The real estate transaction sector, closely tied to construction, shows similar concerning patterns with 394 registrations representing 29.18% growth . However, this growth comes as business dissolutions have increased 7.88% year-over-year , suggesting the sector is simultaneously expanding and contracting.
Energy Sector Collapse: The Canary in the Coal Mine
The most alarming trend is the collapse of Romania’s energy sector. Energy production and supply registrations have plummeted 47.06% to just 45 new businesses , while water distribution and sanitation registrations have fallen 36.84% .

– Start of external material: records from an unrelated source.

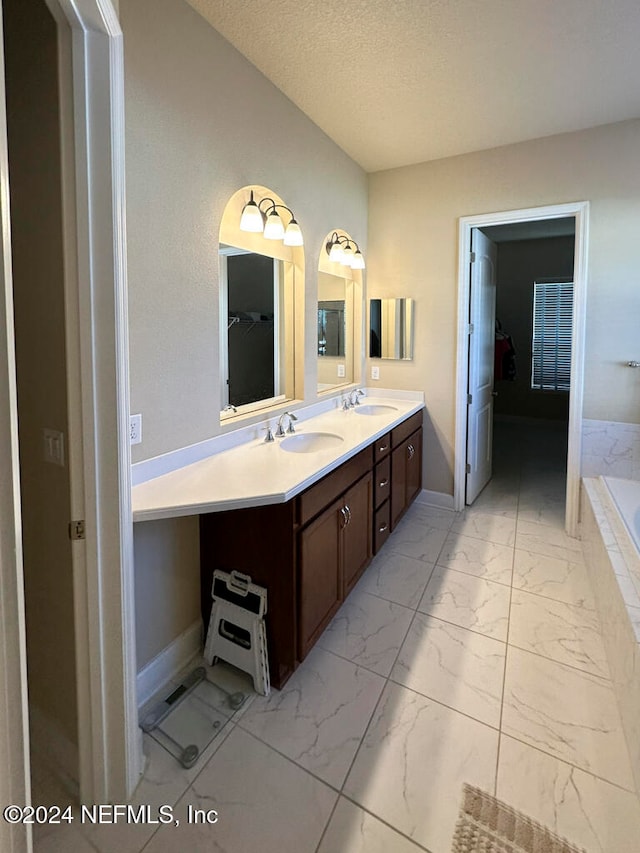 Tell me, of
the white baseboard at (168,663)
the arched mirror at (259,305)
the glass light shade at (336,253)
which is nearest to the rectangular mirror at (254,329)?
the arched mirror at (259,305)

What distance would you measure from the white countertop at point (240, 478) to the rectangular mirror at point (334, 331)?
81 centimetres

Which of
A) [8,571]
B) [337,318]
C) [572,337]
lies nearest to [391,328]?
[337,318]

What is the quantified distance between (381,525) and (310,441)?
668 millimetres

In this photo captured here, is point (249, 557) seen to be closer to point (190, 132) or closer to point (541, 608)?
point (541, 608)

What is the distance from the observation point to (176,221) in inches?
66.2

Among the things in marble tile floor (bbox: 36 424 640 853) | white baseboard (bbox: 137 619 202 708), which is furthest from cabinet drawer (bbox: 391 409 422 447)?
white baseboard (bbox: 137 619 202 708)

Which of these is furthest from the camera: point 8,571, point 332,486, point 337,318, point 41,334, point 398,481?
point 337,318

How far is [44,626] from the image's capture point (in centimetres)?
142

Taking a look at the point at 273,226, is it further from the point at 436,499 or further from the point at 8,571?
the point at 436,499

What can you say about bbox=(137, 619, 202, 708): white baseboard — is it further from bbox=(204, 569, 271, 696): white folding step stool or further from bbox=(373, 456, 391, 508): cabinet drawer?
bbox=(373, 456, 391, 508): cabinet drawer

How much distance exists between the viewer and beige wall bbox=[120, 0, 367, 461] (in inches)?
60.2

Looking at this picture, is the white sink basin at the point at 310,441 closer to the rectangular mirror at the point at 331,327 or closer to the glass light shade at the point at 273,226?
the rectangular mirror at the point at 331,327

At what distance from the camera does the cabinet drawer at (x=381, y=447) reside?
242 centimetres

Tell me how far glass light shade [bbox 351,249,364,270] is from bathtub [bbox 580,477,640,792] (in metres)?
2.18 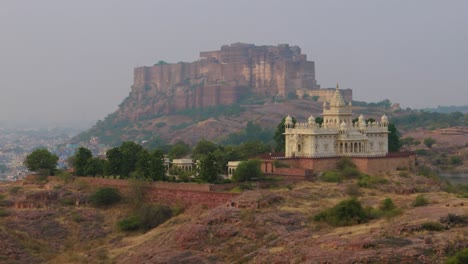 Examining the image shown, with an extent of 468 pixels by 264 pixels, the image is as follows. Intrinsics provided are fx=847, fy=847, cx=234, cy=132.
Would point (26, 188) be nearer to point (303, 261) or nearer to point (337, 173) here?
point (337, 173)

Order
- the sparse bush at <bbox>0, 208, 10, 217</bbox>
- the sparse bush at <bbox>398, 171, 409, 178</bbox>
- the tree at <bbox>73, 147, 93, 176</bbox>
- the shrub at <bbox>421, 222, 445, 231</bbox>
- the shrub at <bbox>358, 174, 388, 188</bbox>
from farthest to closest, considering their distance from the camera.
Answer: the tree at <bbox>73, 147, 93, 176</bbox>
the sparse bush at <bbox>398, 171, 409, 178</bbox>
the shrub at <bbox>358, 174, 388, 188</bbox>
the sparse bush at <bbox>0, 208, 10, 217</bbox>
the shrub at <bbox>421, 222, 445, 231</bbox>

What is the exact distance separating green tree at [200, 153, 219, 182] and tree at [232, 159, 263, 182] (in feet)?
4.52

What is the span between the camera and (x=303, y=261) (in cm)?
3609

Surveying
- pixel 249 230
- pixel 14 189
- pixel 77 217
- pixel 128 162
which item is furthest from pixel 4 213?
pixel 249 230

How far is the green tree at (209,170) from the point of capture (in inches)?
2130

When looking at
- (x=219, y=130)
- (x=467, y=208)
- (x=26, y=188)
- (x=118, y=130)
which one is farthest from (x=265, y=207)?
(x=118, y=130)

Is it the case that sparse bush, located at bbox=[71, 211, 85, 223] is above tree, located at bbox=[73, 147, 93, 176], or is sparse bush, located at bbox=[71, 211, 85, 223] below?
below

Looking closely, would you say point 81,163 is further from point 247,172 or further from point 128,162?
point 247,172

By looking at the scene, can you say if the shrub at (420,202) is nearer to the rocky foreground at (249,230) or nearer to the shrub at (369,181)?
the rocky foreground at (249,230)

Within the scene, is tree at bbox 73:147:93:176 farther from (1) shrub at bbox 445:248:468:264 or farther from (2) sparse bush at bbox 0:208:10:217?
(1) shrub at bbox 445:248:468:264

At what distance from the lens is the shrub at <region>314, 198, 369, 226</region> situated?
41.5 meters

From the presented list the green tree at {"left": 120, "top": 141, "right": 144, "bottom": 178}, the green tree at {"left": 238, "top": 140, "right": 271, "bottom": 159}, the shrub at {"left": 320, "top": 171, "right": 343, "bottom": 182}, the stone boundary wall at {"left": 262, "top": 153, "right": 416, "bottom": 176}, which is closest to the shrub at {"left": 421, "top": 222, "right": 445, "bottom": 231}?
the shrub at {"left": 320, "top": 171, "right": 343, "bottom": 182}

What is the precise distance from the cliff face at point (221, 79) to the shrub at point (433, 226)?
115 m

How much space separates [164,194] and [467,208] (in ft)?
65.5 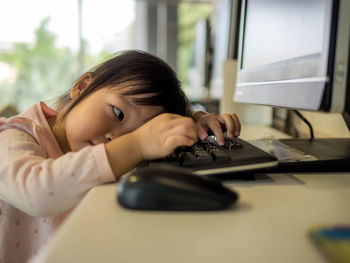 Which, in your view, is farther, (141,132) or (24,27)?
(24,27)

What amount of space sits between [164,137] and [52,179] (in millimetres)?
146

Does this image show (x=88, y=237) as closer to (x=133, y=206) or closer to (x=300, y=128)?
(x=133, y=206)

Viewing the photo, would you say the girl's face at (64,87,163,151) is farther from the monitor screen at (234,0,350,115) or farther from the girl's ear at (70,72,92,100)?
the monitor screen at (234,0,350,115)

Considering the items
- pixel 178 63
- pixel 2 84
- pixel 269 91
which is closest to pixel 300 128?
pixel 269 91

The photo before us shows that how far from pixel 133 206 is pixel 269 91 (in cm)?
37

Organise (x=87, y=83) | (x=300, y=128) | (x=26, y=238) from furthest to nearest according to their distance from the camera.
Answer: (x=300, y=128)
(x=87, y=83)
(x=26, y=238)

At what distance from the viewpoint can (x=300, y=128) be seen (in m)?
0.92

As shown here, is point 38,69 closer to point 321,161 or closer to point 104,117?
point 104,117

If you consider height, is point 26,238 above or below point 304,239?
below

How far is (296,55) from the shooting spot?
483 mm

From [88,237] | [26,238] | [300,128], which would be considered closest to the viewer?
[88,237]

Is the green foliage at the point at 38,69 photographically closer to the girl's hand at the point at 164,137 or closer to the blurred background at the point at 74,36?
the blurred background at the point at 74,36

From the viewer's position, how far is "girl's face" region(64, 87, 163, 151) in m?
0.60

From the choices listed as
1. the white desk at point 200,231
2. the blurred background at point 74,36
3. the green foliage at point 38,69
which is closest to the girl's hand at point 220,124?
the white desk at point 200,231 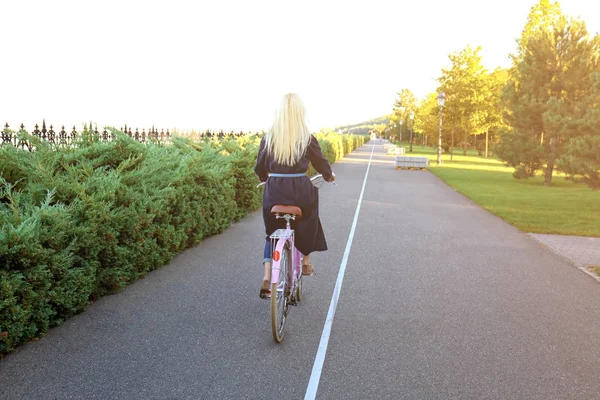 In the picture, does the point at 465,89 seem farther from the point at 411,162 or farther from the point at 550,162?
the point at 550,162

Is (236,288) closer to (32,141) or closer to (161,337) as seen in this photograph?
(161,337)

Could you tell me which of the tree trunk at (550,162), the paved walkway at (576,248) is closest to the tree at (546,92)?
the tree trunk at (550,162)

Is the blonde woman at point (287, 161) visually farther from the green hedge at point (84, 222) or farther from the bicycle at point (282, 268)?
the green hedge at point (84, 222)

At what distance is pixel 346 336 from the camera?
14.9 feet

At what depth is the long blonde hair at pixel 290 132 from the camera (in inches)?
175

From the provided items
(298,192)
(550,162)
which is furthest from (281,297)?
(550,162)

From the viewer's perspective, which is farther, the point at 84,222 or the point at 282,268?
the point at 84,222

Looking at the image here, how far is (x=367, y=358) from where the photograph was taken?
4078mm

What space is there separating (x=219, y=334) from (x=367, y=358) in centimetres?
129

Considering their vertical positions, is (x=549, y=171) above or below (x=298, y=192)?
above

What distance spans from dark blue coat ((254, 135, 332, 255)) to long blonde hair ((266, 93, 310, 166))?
0.08 metres

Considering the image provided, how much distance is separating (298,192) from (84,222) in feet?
6.97

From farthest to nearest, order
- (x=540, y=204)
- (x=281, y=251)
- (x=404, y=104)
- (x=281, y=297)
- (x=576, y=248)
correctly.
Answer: (x=404, y=104), (x=540, y=204), (x=576, y=248), (x=281, y=297), (x=281, y=251)

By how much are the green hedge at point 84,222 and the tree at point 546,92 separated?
665 inches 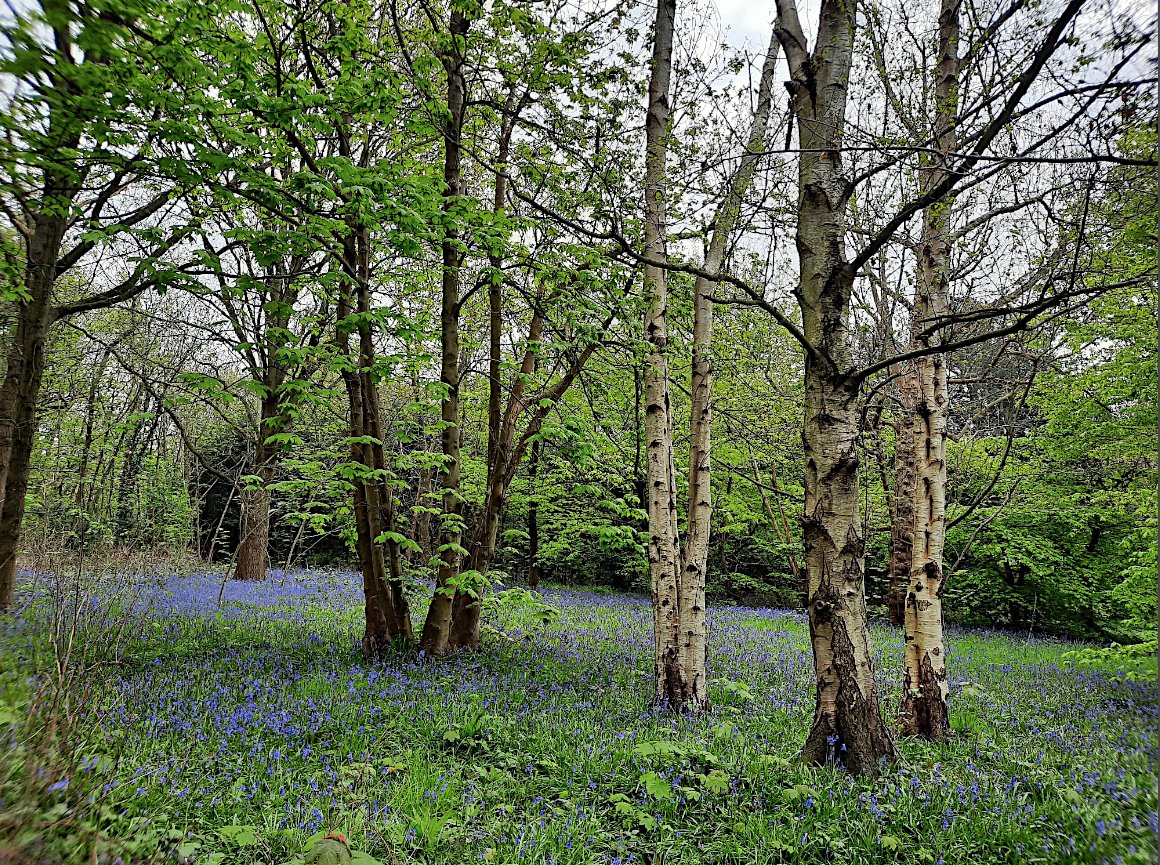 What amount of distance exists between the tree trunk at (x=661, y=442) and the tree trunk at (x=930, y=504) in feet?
7.40

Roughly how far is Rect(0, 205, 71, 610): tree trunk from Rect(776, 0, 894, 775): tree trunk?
6701 mm

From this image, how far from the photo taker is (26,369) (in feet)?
19.4

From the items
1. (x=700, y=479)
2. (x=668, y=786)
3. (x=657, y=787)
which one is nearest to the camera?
(x=657, y=787)

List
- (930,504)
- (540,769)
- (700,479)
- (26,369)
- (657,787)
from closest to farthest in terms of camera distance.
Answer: (657,787) → (540,769) → (930,504) → (26,369) → (700,479)

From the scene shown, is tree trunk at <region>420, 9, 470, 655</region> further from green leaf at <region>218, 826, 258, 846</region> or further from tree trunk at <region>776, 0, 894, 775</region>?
tree trunk at <region>776, 0, 894, 775</region>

This infrastructure decline threatens every other sector’s growth. “You can’t have manufacturing growth without energy, you can’t have tech growth without reliable infrastructure, and you can’t have construction growth without utilities,” warns energy analyst Radu Dumitrescu. “The 47% collapse in energy sector registrations is the most important number in this entire dataset, and it’s being ignored in favor of flashier growth stories.”
Regional Imbalances: Winners and Losers
The geographic distribution of business growth reveals dangerous regional disparities. While Maramureș shows explosive 125.86% growth , this comes from a tiny base of just 116 registrations in 2024. Meanwhile, counties like Argeș and Sibiu show churn rates exceeding 178% , indicating severe business instability.
The overall business health ratio has deteriorated to 0.73 , meaning for every 100 businesses registering, 137 are exiting. This negative trend of -0.19 suggests the situation is worsening month by month.
Conclusion: Growth Without Sustainability
Romania’s December 2025 business registration data paints a picture of unsustainable, imbalanced growth. While manufacturing, transport, and tech sectors show impressive percentage increases, they’re growing on a foundation of collapsing infrastructure and dangerously high business exit rates.
The 4,292 net business loss for the month tells the real story: Romania’s business ecosystem is contracting, not expanding. The sectoral imbalances—particularly the energy sector’s collapse—suggest that current growth patterns are unsustainable and may lead to broader economic instability in 2026.
As businesses continue to exit at alarming rates while new registrations cluster in increasingly speculative sectors, Romania faces a critical choice: address the fundamental infrastructure and sustainability issues, or risk a broader economic contraction when the current growth bubbles inevitably burst.